**YOUR INSTRUCTIONS:**
Only one stretch of the data below is needed. Output the lines from the one with "GRAND FUNK RAILROAD * TOP CONDITION!!!!!!! GRAND" up to and including the one with "Vorschau: Karte von", exactly as they stand.

**THE DATA:**
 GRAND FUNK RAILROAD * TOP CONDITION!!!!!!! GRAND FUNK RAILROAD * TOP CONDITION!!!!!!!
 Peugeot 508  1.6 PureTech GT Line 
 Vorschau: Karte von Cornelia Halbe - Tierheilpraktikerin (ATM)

==

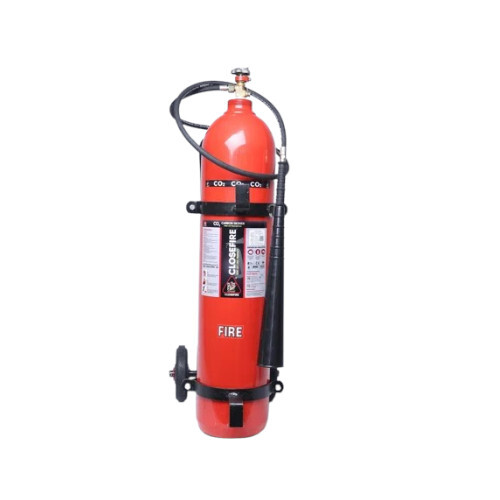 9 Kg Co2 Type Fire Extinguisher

**TASK OUTPUT:**
 GRAND FUNK RAILROAD * TOP CONDITION!!!!!!! GRAND FUNK RAILROAD * TOP CONDITION!!!!!!!
 Peugeot 508  1.6 PureTech GT Line 
 Vorschau: Karte von Cornelia Halbe - Tierheilpraktikerin (ATM)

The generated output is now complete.